HUKUKİ DEĞERLENDİRME:

Dava konusu işlemin dayanağı soruşturma raporu incelendiğinde, internet üzerinden şikayet dilekçesi veren …'nin ifadesinde; Küçükçekmece İlçe Müftülüğüne bağlı … Cami'nin sürekli cemaatinden olduğunu, caminin eski imam hatibi olan davacının 30 Mart 2014 seçimleri öncesinde bir günde "… parti'ye oy vermeyin, …'ye verin" dediğini, bunu kendisinin de aralarında bulunduğu bir grup cami cemaatine ve cami avlusunda söylediğini, tanıklardan …'nin söz konusu iddiayı doğrulayarak, caminin imam odasında davacının "sen hırsızların yaptıklarını gördün mü? Şu ayakkabı kutularından bizde de olsa" dediğine şahit olduğunu, yine tanıklardan … 'nın da, hükümet aleyhine birtakım yazılar ihtiva eden broşürün esnafa kendisi tarafından dağıtılıp dağıtılmadığını davacıya sorduğunu ve davacının ise kabul ettiğini beyan ettiği görülmüştür.

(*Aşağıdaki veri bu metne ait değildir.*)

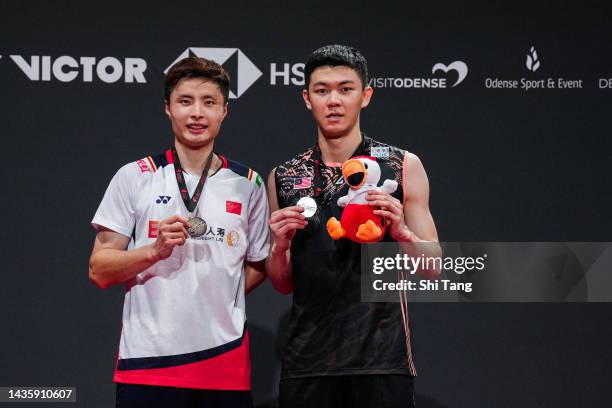 Shi Yuqi of China and Lee Zii Jia of Malaysia pose with their medals on the podium after the Men's Single Final match during day six of the Denmark...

Anılan ifadelerin değerlendirilmesinden, davacının bir siyasi parti aleyhine, diğer siyasi parti lehine siyasi faaliyette bulunduğunun sabit olduğu ve bu suretle 633 sayılı Kanun'un 25. maddesinde düzenlenen dini görevi içinde veya dışında, her ne suretle olursa olsun, siyasi partilerden herhangi birini veya onların tutum ve davranışını övme ve yerme yasağını ve 657 sayılı Kanun'un 7.maddesinde düzenlenen tarafsızlık koşulunu ihlal ettiği sonucuna ulaşıldığından, anılan fiili nedeniyle davacının görevine son verilmesine ilişkin dava konusu işlemde hukuka aykırılık görülmemiştir.

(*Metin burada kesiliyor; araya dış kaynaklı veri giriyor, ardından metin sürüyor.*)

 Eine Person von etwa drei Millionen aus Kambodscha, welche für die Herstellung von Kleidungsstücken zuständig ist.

Dava konusu işlem hukuka uygun bulunduğundan, davacının bu işlem nedeniyle yoksun kaldığı parasal haklarının ödenmesine olanak bulunmamaktadır.

Bu itibarla, dava konusu işlemin iptali ve 15.000,00 TL maddi tazminat talebinin işlem nedeniyle uğradığı maddi kayıplarının kısmen kabulü ile 11.987,00 TL maddi tazminat tutarının dava tarihinden itibaren işleyecek yasal faizi ile birlikte davacıya ödenmesi yönündeki İdare Mahkemesi kararında hukuki isabet bulunmamaktadır.

KARAR SONUCU

Açıklanan nedenlerle;

1.2577 sayılı Kanun’un 49. maddesine uygun bulunan davalının temyiz isteminin kabulüne;

2.Temyize konu … İdare Mahkemesinin … tarih ve E:…, K:… sayılı kararının dava konusu işlemin iptali, maddi tazminat isteminin kısmen kabulü ile 11.987,00 TL maddi tazminat tutarının dava tarihinden itibaren işleyecek yasal faizi ile birlikte davacıya ödenmesine ilişkin kısmının BOZULMASINA,

3. Yeniden bir karar verilmek üzere dosyanın anılan Mahkemeye gönderilmesine,

4. 2577 sayılı Kanun'un (geçici 8. maddesi uyarınca uygulanmasına devam edilen) 54. maddesinin 1. fıkrası uyarınca bu kararın tebliğ tarihini izleyen 15 (onbeş) gün içerisinde kararın düzeltilmesi yolu açık olmak üzere, 11/11/2020 tarihinde oybirliğiyle karar verildi.